Loi fédéral encourageant la gymnastique et les sports
Les événements du Tour de France 1998 ont montré que, souvent, le
personnel d’encadrement des athlètes était complice dans les affaires de dopage. Les lois en vigueur dans l’Hexagone et l’intervention de l’Etat français ont permis de mettre en évidence ces interdépendances et de traduire les accusés devant les tribunaux civils.
En Suisse, ces événements ont débouché sur plusieurs interventions parlementaires réclamant que notre pays adopte lui aussi une loi en matière de dopage. Dans la foulée, la
Loi fédérale de 1972 encourageant la gymnastique et les sports (art. 11b et suiv.) a donc été complétée par une clause d’interdiction du dopage et par des mesures d’information et de prévention. La loi ainsi modifiée est entrée en vigueur le 1er janvier 2002. Elle prévoit que le sport régi par le droit privé doit assumer la responsabilité des
contrôles et respecter un certain nombre d’exigences minimales (Ordonnance sur les
contrôles antidopage). La Confédération dresse également une liste des produits dopants (Ordonnance sur les produits dopants) qui s’appuie sur la liste internationale en vigueur et vaut aussi pour le
personnel d’encadrement des athlètes.

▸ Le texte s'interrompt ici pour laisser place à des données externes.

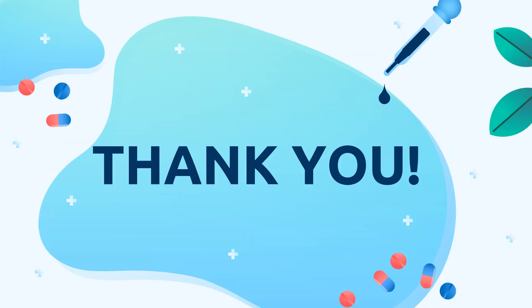That would be all for today, Grade 4. I hope to see you in our next meeting. Have a good day and God bless. Bye!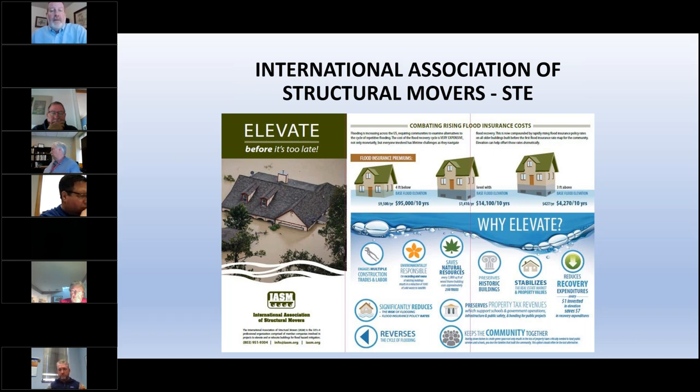The back of the flyer outlines the steps for every single elevation project. Every house is different, but the steps are the same. Our industry believes in the three E's: first, empathize — none of this is easy for property owners in flood risk areas — then educate them on the process.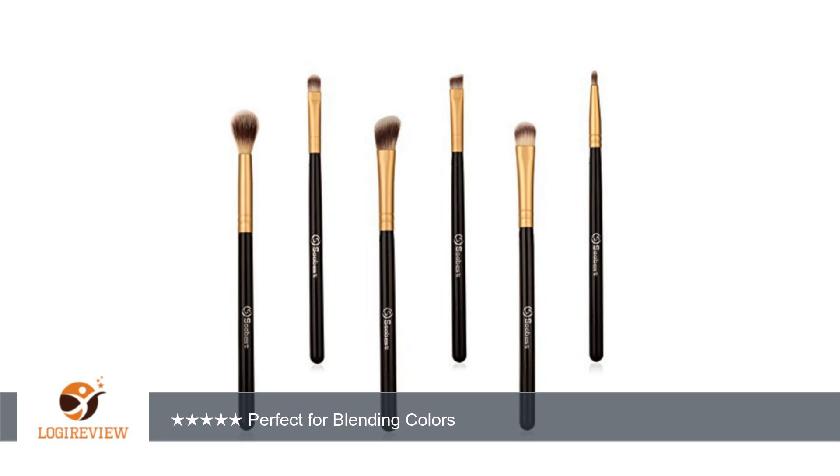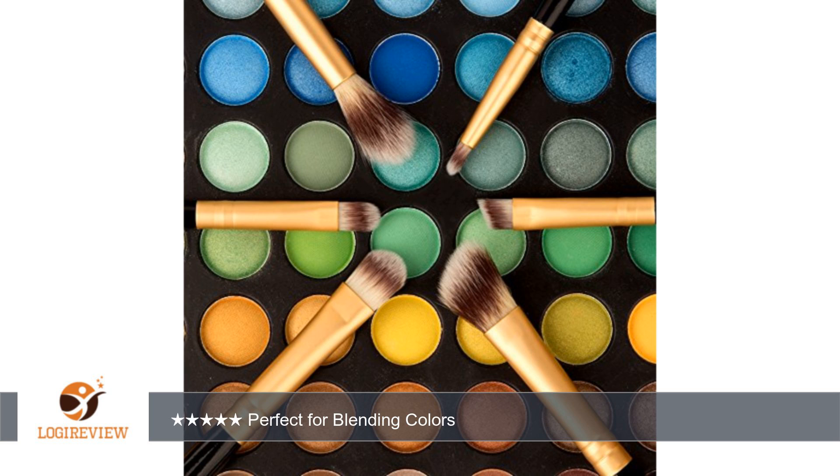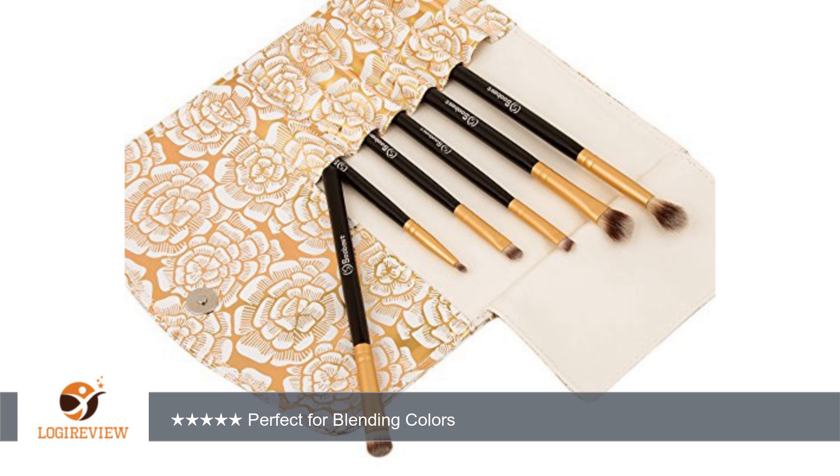I am very fair and the brushes provide me with a soft blend that is perfect. Even if these don't end up lasting, they have educated me on which brushes I need. I use almost every one of them.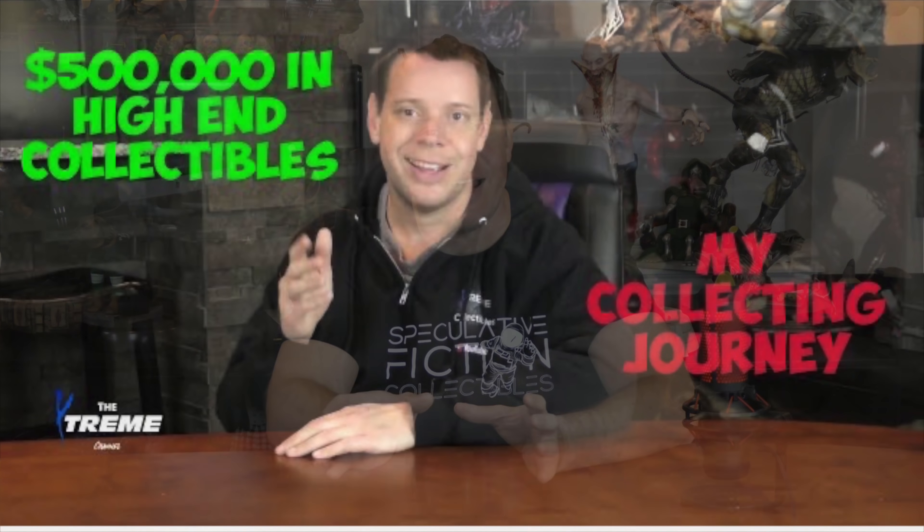Hey guys, welcome to the Extreme Channel. My name is Mr. X. I've been collecting stuff for I can't even remember how long. If you're interested in how I got into collecting, you can check out that video — it tells the entire timeline. Originally when you collect stuff that doesn't cost a lot of money it's not a big deal, but when you get into collecting things that cost a lot, there's a lot of dangerous missteps you can make. Thankfully, I've done them all for you, and that's what today's video is about. I'm going to go over the top 10 mistakes I either made, almost made, or am continuing to make — specifically with statues, but a lot of this can apply to other things I collect like autograph memorabilia.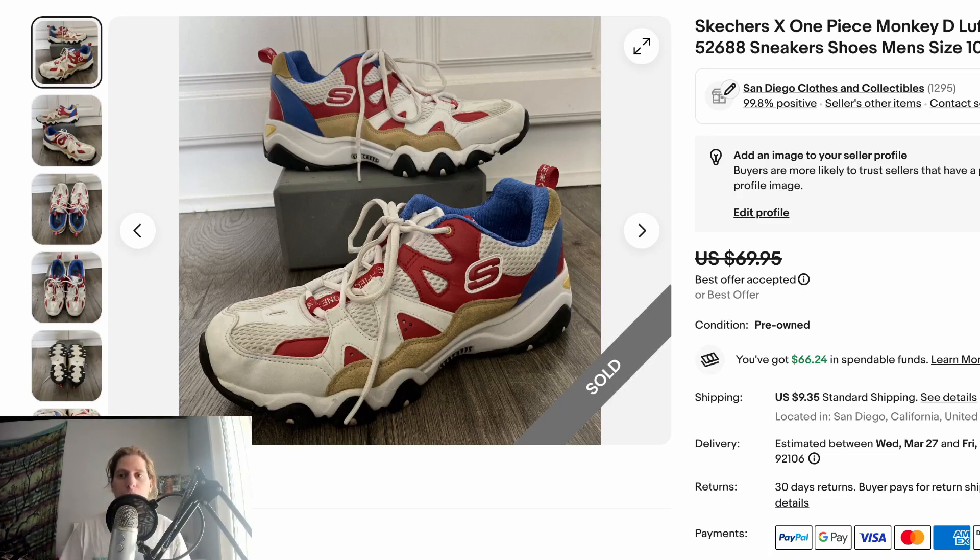Ending with a fun one — these are Skechers and One Piece collaboration shoes featuring the Monkey D. Luffy character. They ended up selling somewhere in the $45 to $50 range. I got them for $12 and had them for about four to six months. The sell-through was a lot slower than I expected — I bought them right when the One Piece live-action show came out on Netflix, thinking they'd go fast. They're very specific. Would I buy them again at $12? Probably, but it took longer than expected.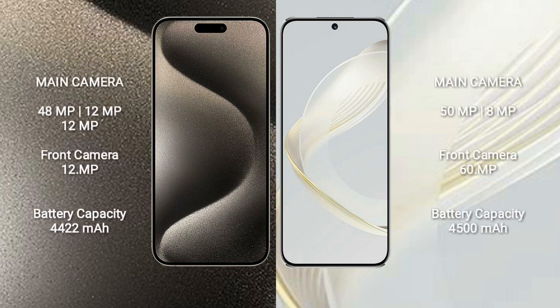iPhone 15 Pro Max has a rear triple camera setup: 48MP, 12MP, and 12MP. The front camera is 12MP.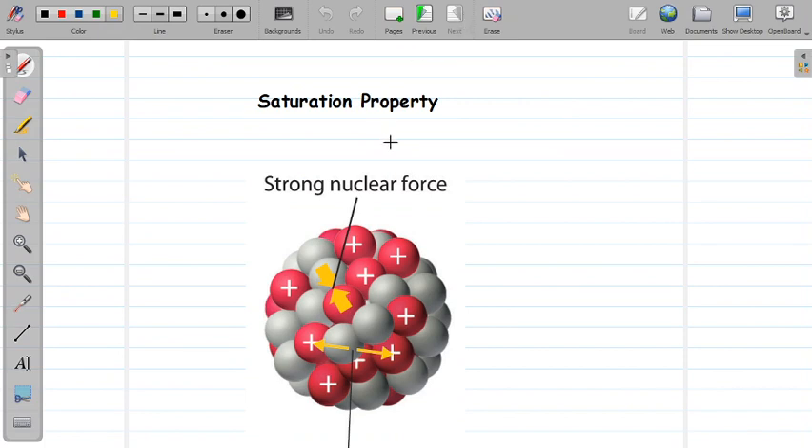The last important property of the nuclear force is its saturation property. This means that nuclear forces are limited in range — each nucleon interacts only with a limited number of nucleons nearest to it, not with all the nucleons in the nucleus. Similarly, every nucleon attracts only its neighboring nucleons. A proton will not exert attractive force on all the protons and neutrons in the nucleus; it attracts only a limited number around it. This effect is called saturation of nuclear forces.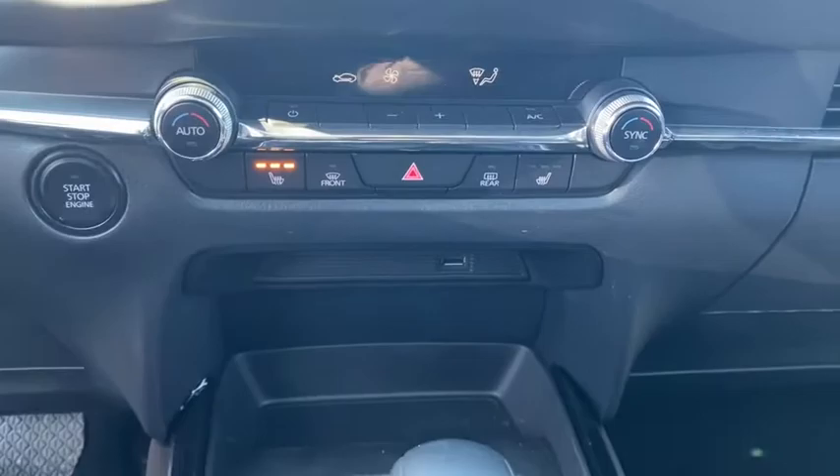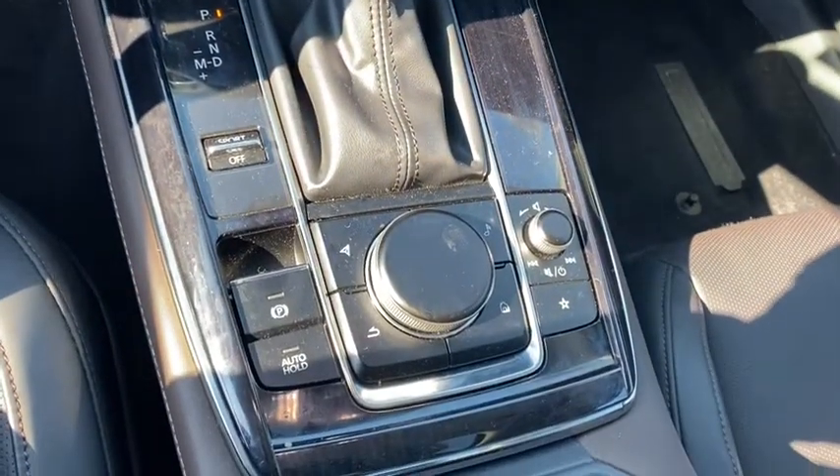If affordable style and reliability are what you're looking for, this vehicle couldn't be more perfect. Drive it today.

La consommation de produits dopants n’est en revanche pas sanctionnée pénalement.
Ces changements et les deux ordonnances précitées (l’Ordonnance sur les
contrôles antidopage et l’Ordonnance sur les produits dopants) sont entrés en vigueur le 1er janvier 2002 en même temps que la Loi sur les produits thérapeutiques.
L’expérience accumulée depuis l’introduction de ces textes permet de tirer un certain nombre de conclusions:
- La Suisse n'a pas connu d'affaires majeures comme celle du Tour de France 1998, ayant nécessité l’intervention des forces de police.
- Les nouveaux textes ont créé des difficultés supplémentaires pour les autorités douanières, certains substances saisies tombant sous le coup de la Loi sur les produits thérapeutiques (LPTh), d’autres sous le coup de la Loi sur les stupéfiants (LStup), d’autres encore sous le coup de l’Ordonnance sur les produits dopants.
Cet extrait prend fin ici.